ML P4: Coffee Yield Prediction
Client
Valentina Reyes, Owner and Export Director at Finca Esperanza Exports (Neiva, Colombia). Specialty coffee exporter sourcing from twelve farms in Huila, exporting to roasters in Europe, Japan, and the US.
What you're building
A yield prediction model that predicts coffee harvest per farm from sensor data. The model must use temporal splitting (train on earlier harvests, test on the most recent), prevent data leakage, and deliver per-farm predictions Valentina can use for contract negotiations.
Tech stack
- Python 3.10+
- pandas (data manipulation)
- scikit-learn (preprocessing, Pipelines, baseline models)
- PyTorch (neural network training)
- MLflow (experiment tracking)
- Jupyter notebooks (exploration and training)
File structure
materials/
CLAUDE.md -- this file
valentina-email.md -- Valentina's initial email
tickets.md -- work breakdown
eval-template.md -- evaluation design template (student fills)
sensor-data.csv -- daily sensor readings, 12 farms, 2 years
harvest-records.csv -- yield per farm per harvest period
scripts/ -- generation scripts (not student-facing)
Ticket list
- T-01: Profile sensor dataset structure and quality
- T-02: Profile harvest records and link to sensor data
- T-03: Design feature aggregation from daily readings to harvest-level features
- T-04: Build feature engineering pipeline with temporal awareness
- T-05: Implement temporal train/test split
- T-06: Verify no preprocessing leakage (preprocessing after split or inside Pipeline)
- T-07: Identify and classify outliers with domain reasoning
- T-08: Handle outliers based on domain judgment (keep variety effects, flag sensor anomalies)
- T-09: Document all feature construction decisions with rationale
- T-10: Set up PyTorch model architecture for yield regression
- T-11: Implement training loop with loss curve monitoring
- T-12: Configure early stopping with appropriate patience
- T-13: Run baseline comparison (scikit-learn vs PyTorch) with MLflow tracking
- T-14: Generate per-farm yield predictions from best model
- T-15: Deliver predictions to Valentina in business terms
- T-16: Write README and close project
Verification targets
- Temporal split in use (train on harvests 1-3, test on harvest 4)

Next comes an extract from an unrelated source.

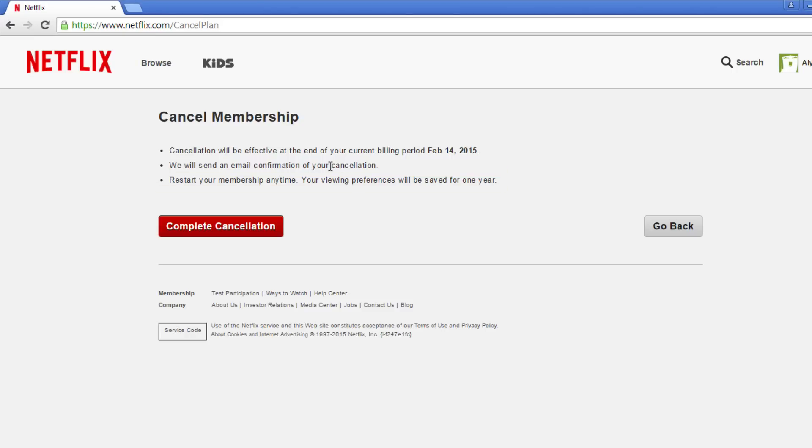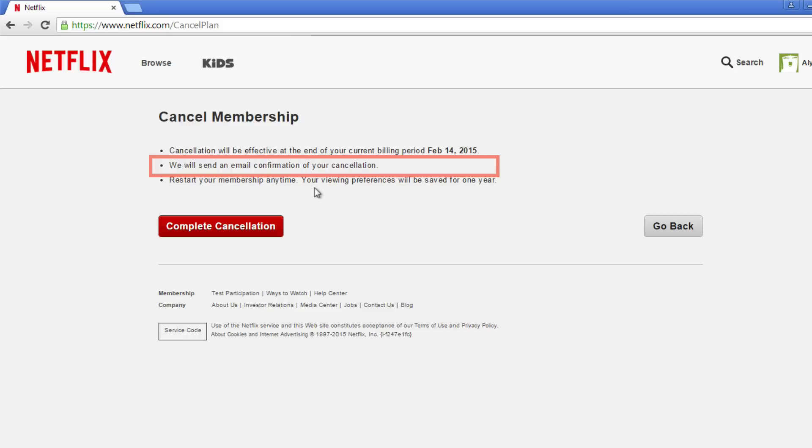You will not be charged any extra for cancelling your membership, and you will no longer be billed for any upcoming months once your membership is cancelled. You will also receive an email confirmation that these changes are in effect.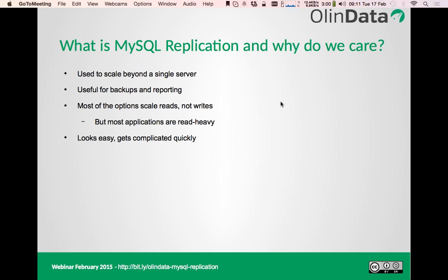MySQL replication on paper looks rather easy, but in reality it becomes quite complicated very quickly. Even traditional replication, if you follow the instructions on an empty server, is a five-minute setup. But if you want to do this on an existing production server, things become a lot more complicated. If replication breaks — which it does because it's not always bulletproof — things get very complicated very quickly and you'll need expert knowledge to fix it.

- No preprocessing before split (or preprocessing inside a scikit-learn Pipeline)
- Loss curves plotted with training and validation loss
- Early stopping configured
- Both scikit-learn baseline and PyTorch model logged in MLflow
- Per-farm predictions generated from honest pipeline
- Feature documentation complete with domain reasoning
Commit convention
Commit after completing each ticket group. Use descriptive messages: "T-01/T-02: Profile sensor and harvest data", "T-03-T-06: Feature pipeline with temporal split", etc.